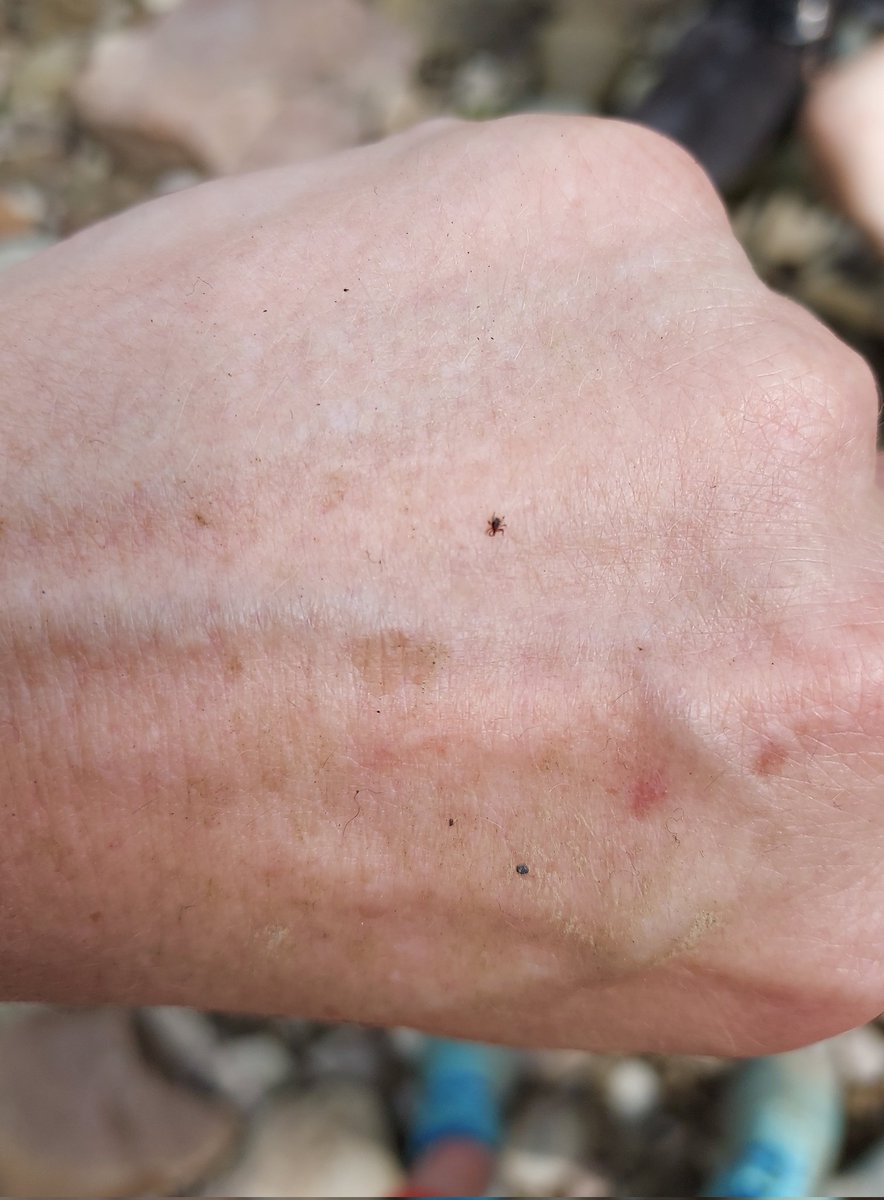 A reminder sans poppy seed muffin about how small #ticks can be. Hiking today and this asshole thought they were hitching a ride. Compare to the speck of dirt at the bottom.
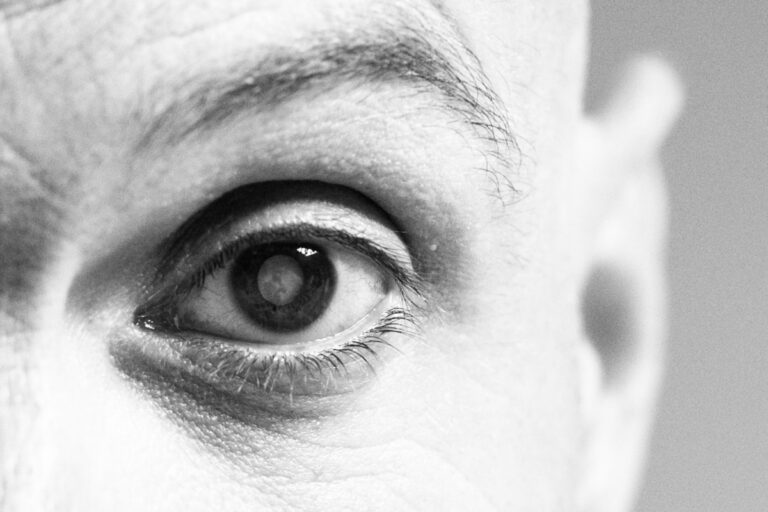 What are Cataracts? And the Symptoms - Cathedral Eye Clinic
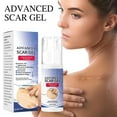 Scar Gel Fade Body Facial Scar Pregnancy Scar Smoothing Skin Care Gel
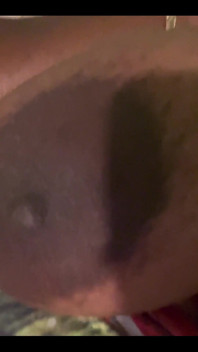 25460764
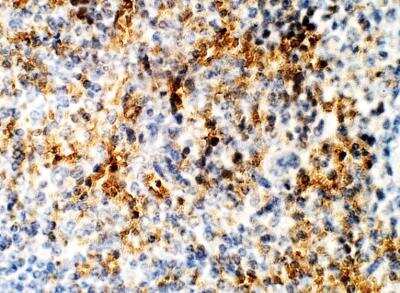 Immunohistochemistry-Paraffin: DCK Antibody [NBP3-12297]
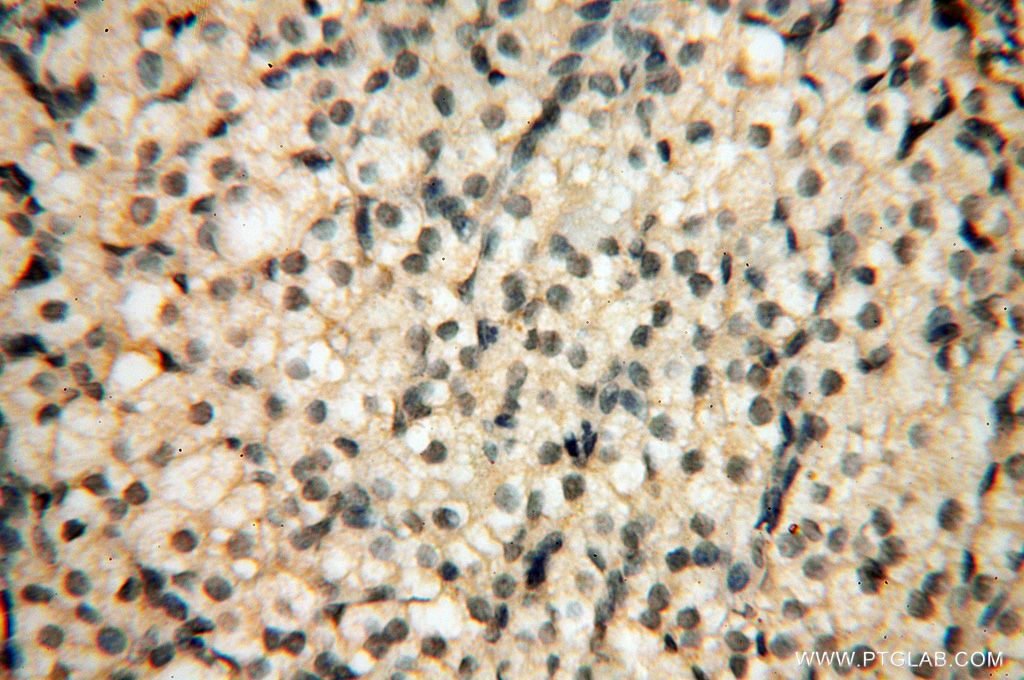 IHC staining of human ovary using 14720-1-AP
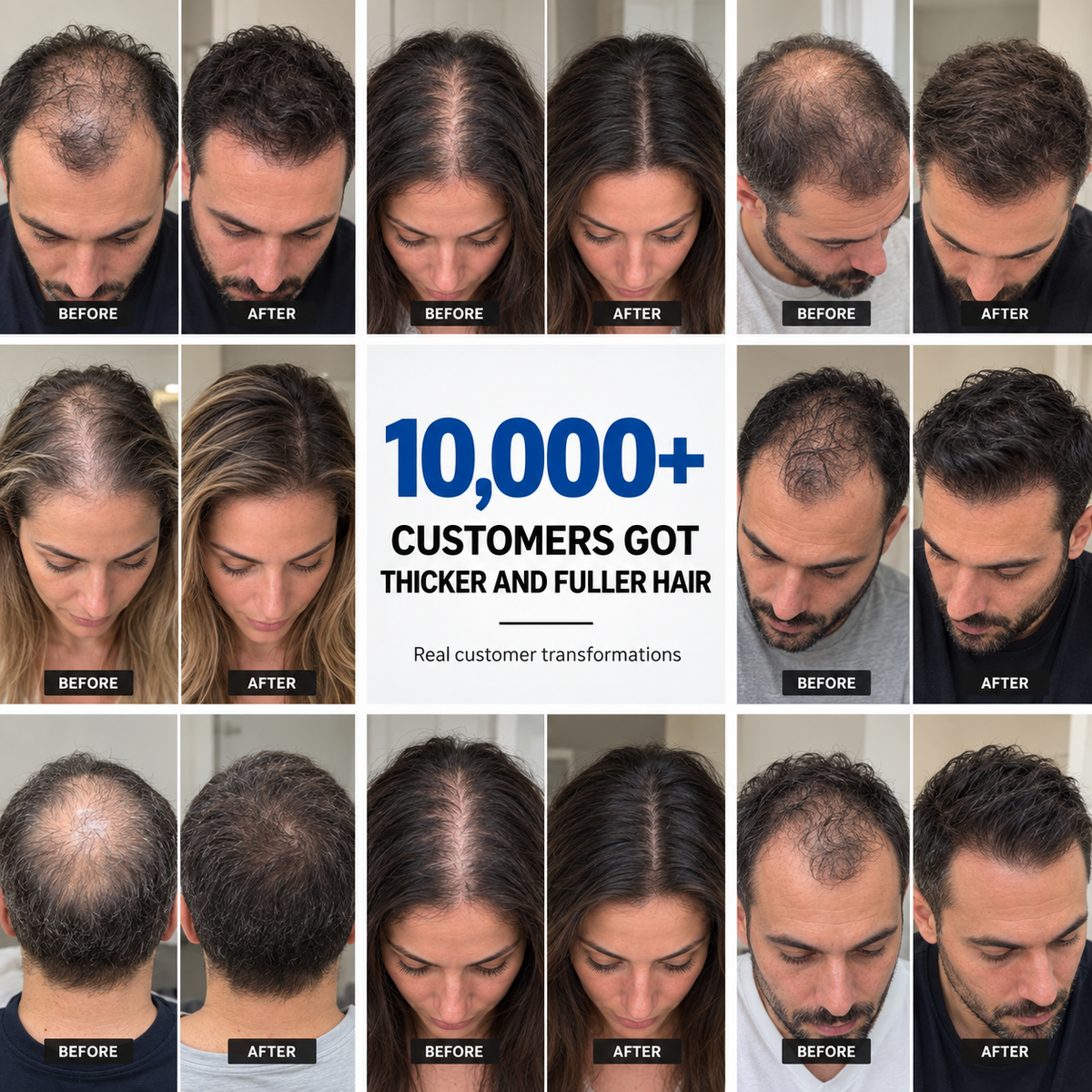 The Most Powerful Peptide Infusion Hair Regrowth System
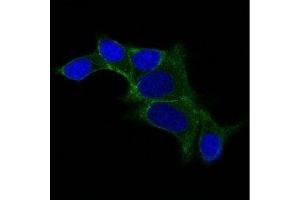 Image no. 1 for anti-Ornithine Decarboxylase 1 (ODC1) antibody (ABIN6188965) (ODC1 Antikörper)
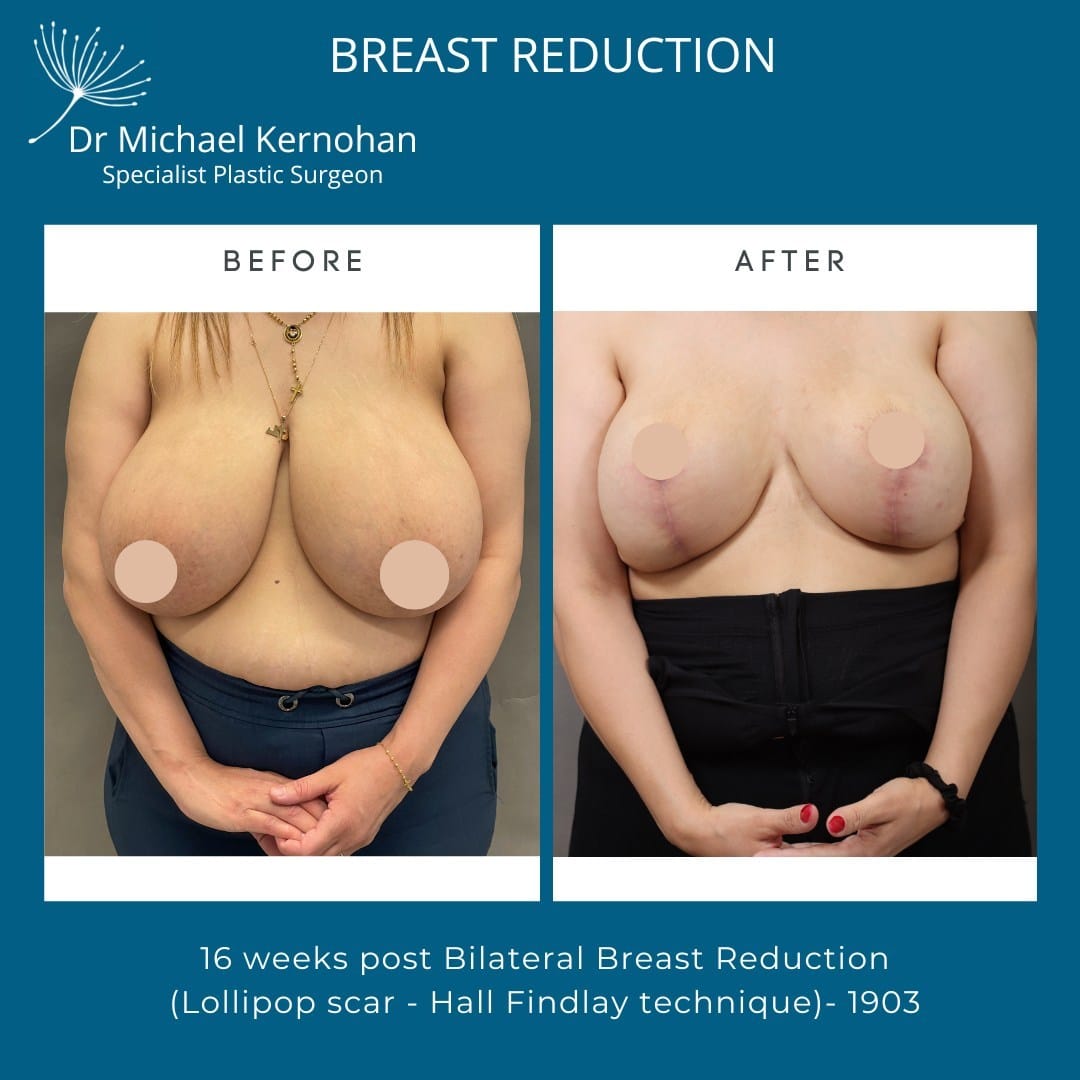 Breast Reduction Before and After Photo - Dr Michael Kernohan - Bilateral Breast Reduction photo 16 weeks post Op Lollipop Scar Reduction
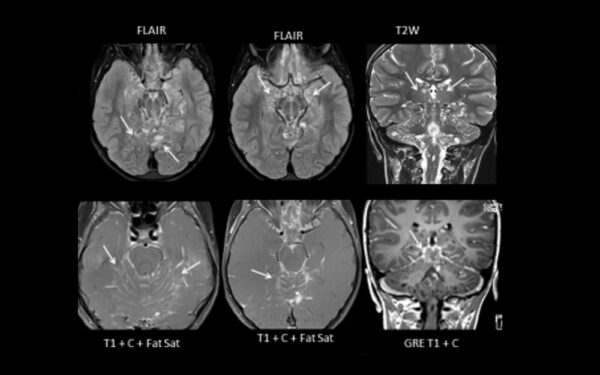 Pediatric Spine Tumors - CHOP OPEN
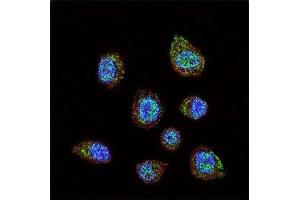 Confocal immunofluorescent analysis of HIF-1 alpha antibody with MDA-MB231 cells followed by Alexa Fluor 488-conjugated goat anti-rabbit lgG (green).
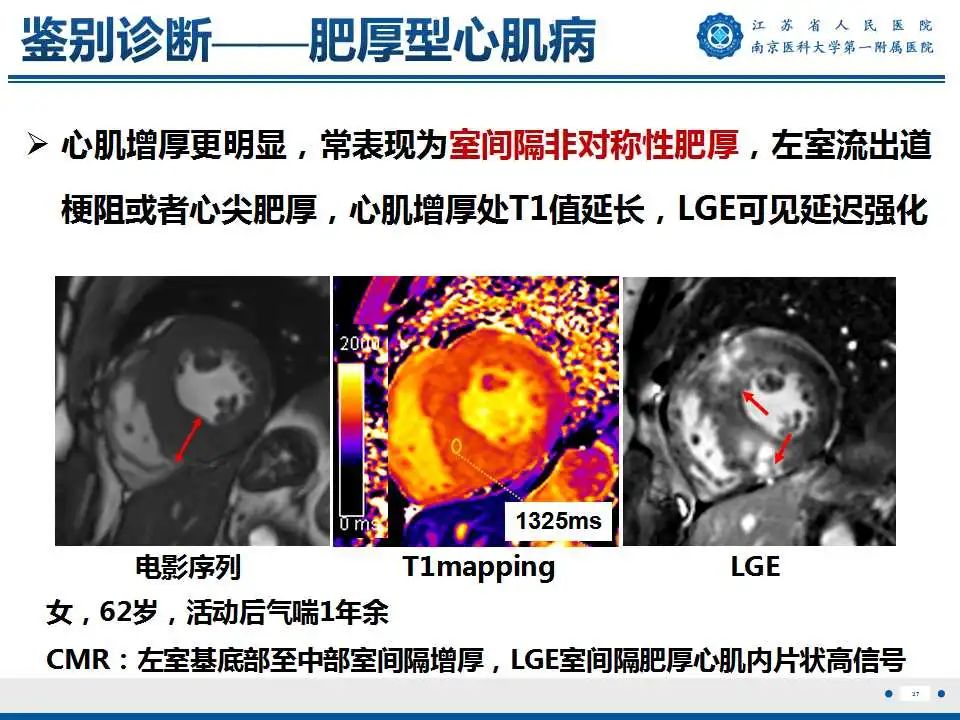 【PPT】心肌淀粉样变-38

------------

Exercise requirements
From the line that contains "Pediatric Spine Tumors - CHOP OPEN" to the last line of the data above, inclusive, transcribe every line exactly and only those lines, omitting pictures.

Response for this exercise
 Pediatric Spine Tumors - CHOP OPEN
 Confocal immunofluorescent analysis of HIF-1 alpha antibody with MDA-MB231 cells followed by Alexa Fluor 488-conjugated goat anti-rabbit lgG (green).
 【PPT】心肌淀粉样变-38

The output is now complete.